* [Entries supplied]
◇ ◇ ◇ ◇ ◇

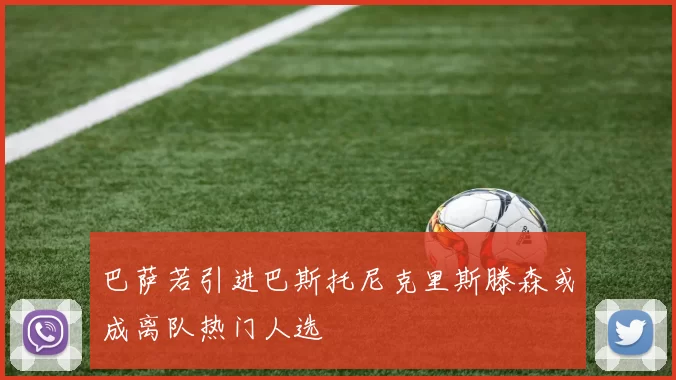 巴萨若引进巴斯托尼克里斯滕森或成离队热门人选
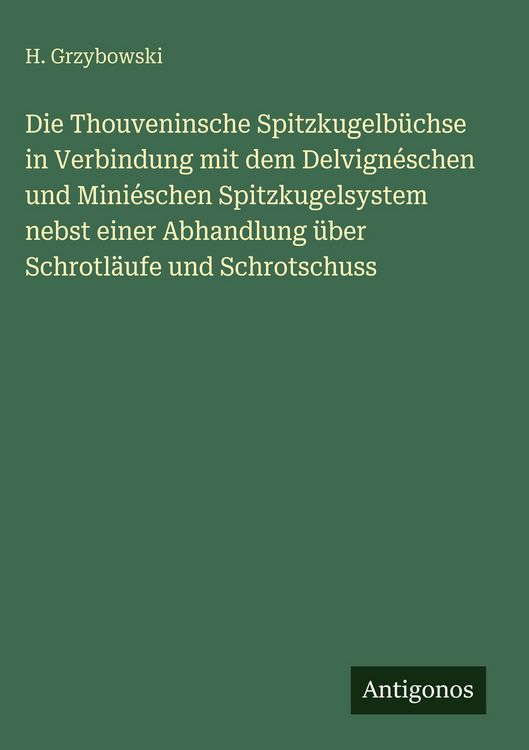 Produktbild: Die Thouveninsche Spitzkugelb&uuml;chse in Verbindung mit dem Delvign&eacute;schen und Mini&eacute;schen Spitzkugelsystem nebst einer Abhandlung &uuml;ber Schrotl&auml;ufe und Sch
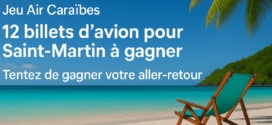 Jeu Air Caraïbes : 12 billets d’avion pour Saint-Martin à gagner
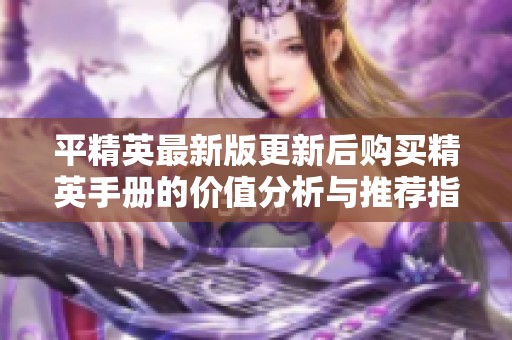 平精英最新版更新后购买精英手册的价值分析与推荐指南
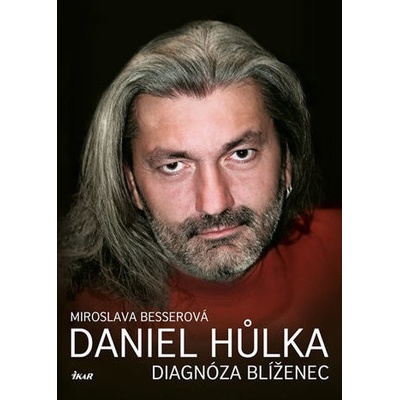 Daniel Hůlka Diagnóza Blíženec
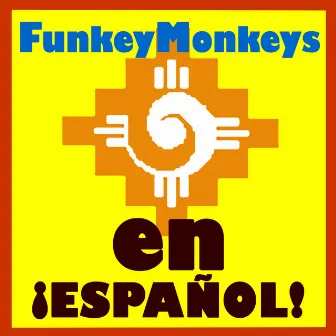 En Español by FunkeyMonkeys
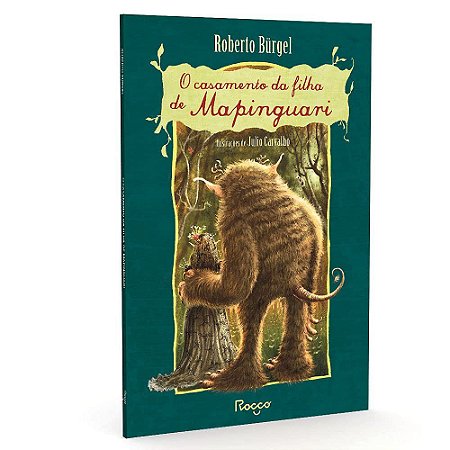 Livro Casamento da Filha de Mapinguari, O - Burgel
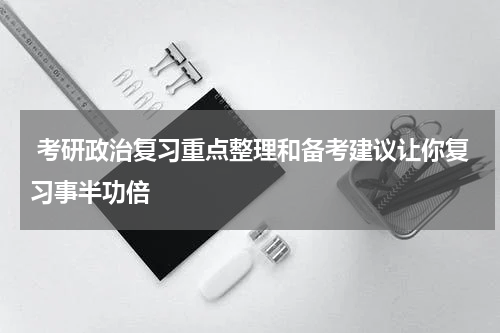  考研政治复习重点整理和备考建议让你复习事半功倍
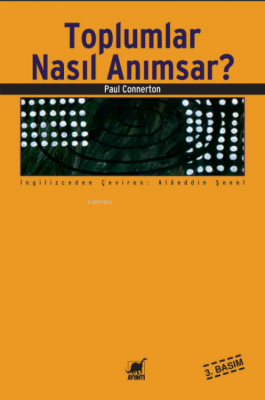 Toplumlar Nasıl Anımsar? Paul Connerton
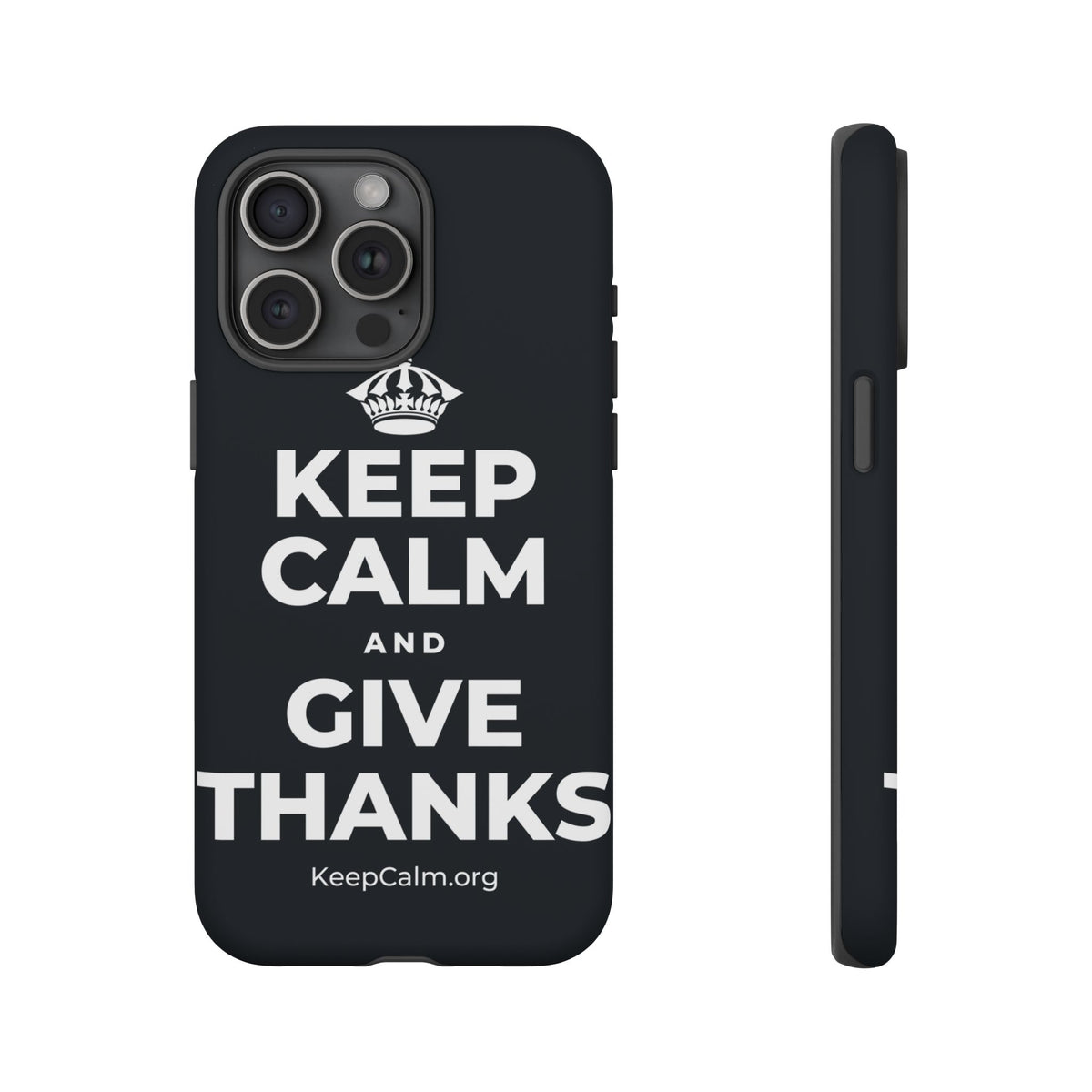 KEEP CALM AND GIVE THANKS Phone Case (Dark)
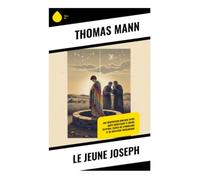 Le jeune Joseph: Mythe biblique, rivalité fraternelle et initiation dans la saga de la Genèse
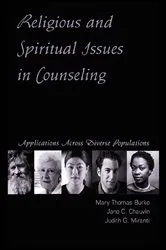 Book cover of Religious and Spiritual Issues in Counseling by Mary Thomas Burke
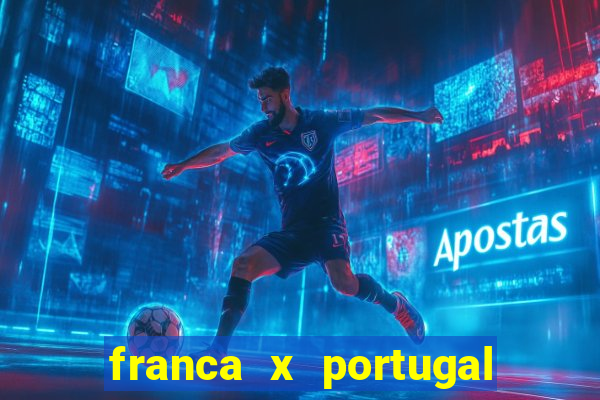 franca x portugal onde assistir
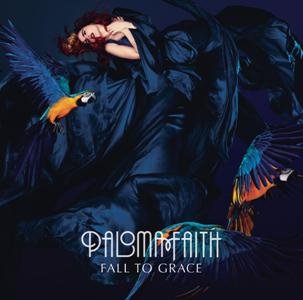 Paloma Faith-Fall To Grace (Deluxe 2CD Edition)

◇ ◇ ◇ ◇ ◇

* [Task directions]
Without the pictures, give back the entries exactly.

* [Exercise answer]
 巴萨若引进巴斯托尼克里斯滕森或成离队热门人选
 Produktbild: Die Thouveninsche Spitzkugelb&uuml;chse in Verbindung mit dem Delvign&eacute;schen und Mini&eacute;schen Spitzkugelsystem nebst einer Abhandlung &uuml;ber Schrotl&auml;ufe und Sch
 Jeu Air Caraïbes : 12 billets d’avion pour Saint-Martin à gagner
 平精英最新版更新后购买精英手册的价值分析与推荐指南
 Daniel Hůlka Diagnóza Blíženec
 En Español by FunkeyMonkeys
 Livro Casamento da Filha de Mapinguari, O - Burgel
  考研政治复习重点整理和备考建议让你复习事半功倍
 Toplumlar Nasıl Anımsar? Paul Connerton
 KEEP CALM AND GIVE THANKS Phone Case (Dark)
 Le jeune Joseph: Mythe biblique, rivalité fraternelle et initiation dans la saga de la Genèse
 Book cover of Religious and Spiritual Issues in Counseling by Mary Thomas Burke
 franca x portugal onde assistir
 Paloma Faith-Fall To Grace (Deluxe 2CD Edition)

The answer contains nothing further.